Labor rate survey: median shop now charges $148/hr
Independent shops pushed rates higher in 2025 — but the spread between top and bottom quartiles widened to $62/hr.
The median labor rate at independent repair shops hit $148/hr in the third quarter of 2025, according to survey data collected by Mechanics.news from 638 shops across 34 states. That is up $11 from Q3 2024 and $27 from Q3 2022 — a 22% increase over three years that has outpaced general CPI for every period measured.
The headline number masks a wide distribution. The bottom quartile of shops still charged $112/hr or less. The top quartile charged $174/hr or more. The $62 spread between those thresholds is larger than it has been in any previous survey cycle, and it tracks closely with geography and shop specialization.
Where rates are highest — and why
Metro-area specialty shops — European import specialists, transmission rebuilders, ADAS-calibration centers — dominate the top quartile. Eight of the ten highest-reported rates came from California, the Pacific Northwest, or the Northeast corridor. The single highest rate reported was $235/hr, from a BMW/Porsche specialist in San Jose.
Rural and small-market generalist shops cluster in the lower half of the distribution, though this year’s data shows some compression at the bottom as even low-rate shops adjusted for technician wage inflation.

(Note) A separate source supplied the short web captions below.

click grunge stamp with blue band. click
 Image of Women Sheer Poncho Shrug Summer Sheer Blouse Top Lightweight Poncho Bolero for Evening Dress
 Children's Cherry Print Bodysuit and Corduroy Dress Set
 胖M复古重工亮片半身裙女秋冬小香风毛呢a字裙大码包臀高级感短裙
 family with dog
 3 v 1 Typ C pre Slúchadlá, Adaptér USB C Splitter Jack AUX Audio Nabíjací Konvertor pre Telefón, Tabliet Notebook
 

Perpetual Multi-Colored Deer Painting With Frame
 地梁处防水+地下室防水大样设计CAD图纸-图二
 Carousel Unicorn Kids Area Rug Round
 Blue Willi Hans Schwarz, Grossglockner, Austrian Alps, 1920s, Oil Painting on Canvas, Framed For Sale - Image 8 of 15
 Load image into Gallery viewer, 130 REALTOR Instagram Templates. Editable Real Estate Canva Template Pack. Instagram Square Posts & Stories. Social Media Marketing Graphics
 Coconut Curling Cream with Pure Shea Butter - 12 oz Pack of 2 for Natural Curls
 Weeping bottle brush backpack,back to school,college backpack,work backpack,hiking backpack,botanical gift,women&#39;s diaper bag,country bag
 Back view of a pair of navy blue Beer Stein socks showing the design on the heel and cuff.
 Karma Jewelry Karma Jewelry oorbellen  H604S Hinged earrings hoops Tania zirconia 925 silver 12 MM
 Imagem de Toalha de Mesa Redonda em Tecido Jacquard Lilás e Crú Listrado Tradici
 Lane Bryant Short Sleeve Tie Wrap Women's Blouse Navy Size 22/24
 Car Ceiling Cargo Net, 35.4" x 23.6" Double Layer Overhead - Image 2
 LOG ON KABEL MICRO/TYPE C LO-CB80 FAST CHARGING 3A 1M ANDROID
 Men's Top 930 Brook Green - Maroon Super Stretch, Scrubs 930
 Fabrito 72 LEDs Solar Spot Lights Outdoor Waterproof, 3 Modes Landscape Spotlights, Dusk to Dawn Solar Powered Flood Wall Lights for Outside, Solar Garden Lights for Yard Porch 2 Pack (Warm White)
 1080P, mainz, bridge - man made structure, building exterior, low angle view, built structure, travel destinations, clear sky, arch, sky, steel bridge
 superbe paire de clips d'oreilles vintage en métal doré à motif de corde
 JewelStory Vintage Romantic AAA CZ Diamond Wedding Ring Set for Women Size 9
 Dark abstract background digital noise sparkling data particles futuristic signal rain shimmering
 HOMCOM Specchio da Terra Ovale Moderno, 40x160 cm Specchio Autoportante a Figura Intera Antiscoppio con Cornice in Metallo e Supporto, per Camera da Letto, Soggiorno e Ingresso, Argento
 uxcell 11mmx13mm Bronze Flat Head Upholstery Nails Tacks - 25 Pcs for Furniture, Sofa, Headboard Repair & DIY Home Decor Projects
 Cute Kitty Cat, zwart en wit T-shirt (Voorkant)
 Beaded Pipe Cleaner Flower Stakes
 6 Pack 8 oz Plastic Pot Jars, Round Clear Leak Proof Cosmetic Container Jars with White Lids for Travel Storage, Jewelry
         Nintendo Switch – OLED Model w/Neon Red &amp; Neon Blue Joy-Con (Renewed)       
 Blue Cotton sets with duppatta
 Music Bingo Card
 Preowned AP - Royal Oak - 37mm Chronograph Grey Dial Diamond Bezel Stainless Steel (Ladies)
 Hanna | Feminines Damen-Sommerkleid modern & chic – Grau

Shops in the $95–$110 range are increasingly rare; operators in that bracket cited difficulty recruiting and retaining techs as the primary reason they finally moved rates.
What shop owners said about pricing decisions
In open-response questions, the most common reason shops gave for rate increases was technician compensation. Entry-level tech wages have risen 18% over the same three-year period, and A-tech rates in competitive markets are exceeding $35/hr in base pay before flat-rate multipliers. Shops absorbing that cost without raising labor rates are compressing their own margins.
The second most common reason: customer acceptance has been better than expected. Most shop owners who raised rates by more than $10 in the past year said they lost fewer than 5% of customers, and several noted that customers who left were disproportionately low-ticket, high-complaint clients — a net positive for shop efficiency.
When I went from $128 to $148, I thought I’d hear about it. I got three calls. Two were price-shoppers who left. One called back three weeks later.
The data suggests shops have more pricing power than many owners assume, particularly when the rate increase is accompanied by a service quality signal — a new loaner program, a digital inspection report, or a warranty extension.